Is that Swiss straw for the shellback/tail? I like the looks of that craw.


----------



## buckeyebrewer (Sep 4, 2008)

TheCream said:


> Is that Swiss straw for the shellback/tail? I like the looks of that craw.


Can you post the recipe to this delicious little fly?


----------



## Clayton (Oct 7, 2008)

I'll second the request for recipe. That's an awesome and super super super easy looking pattern, which beats teh hell out of the available craw patterns I've seen.. which are usually elevated to an art form.


----------



## Flyfish Dog (Nov 6, 2007)

I like simplicity in a fly. This one been hammered by a few browns on the Elk as paint marking has worn of a bit but I can retouch it up again. I got them in Olive and lt Brown/Tan. Its all I need and it is so simple to tie < 5minute Tye for sure.

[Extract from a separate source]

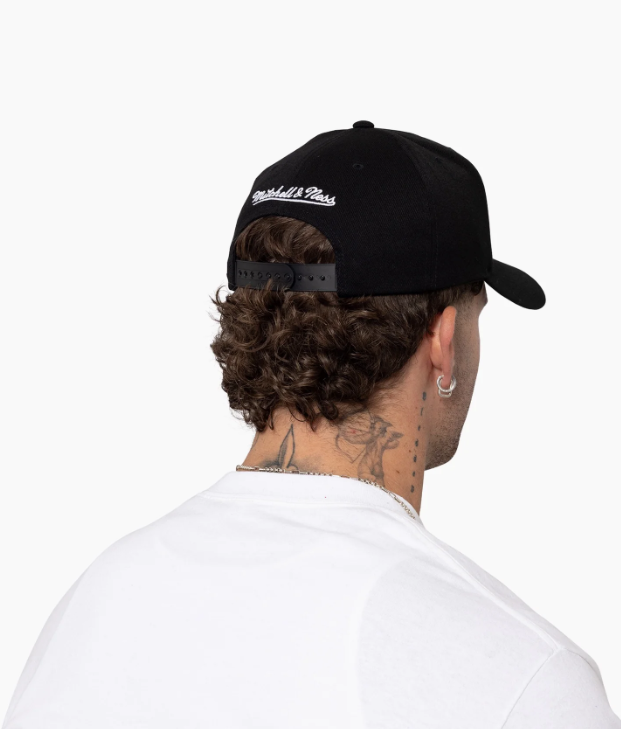 MNA-L46 (Mitchell & ness black & white raiders flex fit snapback black osfm) 92592391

Cream, you are correct it is Raffia. I bought every color that Pat Catan's had on Clearance at $1.00 for 60 yards so if you need some, I have to much.


So here is the recipe.
Hook: M9671 #8/10 Any small Streamer hook will do also.
8/0 Thread
Carapace: Raffia
Body: Antron Dubbing
Rib: Brassie Size Wire
Legs: Pheasant Aftershaft feather. 2pc. wrapped around at the same time and tie off.

Everything is tied at the hook bend and brought back to hook eye.

Use marker to color for two tone affect.
Have Fun!


----------



## Huron River Dan (Oct 19, 2007)

Flyfish Dog, that is an awesome looking fly...Thanks for posting the recipe...

Dan


----------



## crkwader (Nov 7, 2008)

headstands are all you need. Especially in low clear water.


----------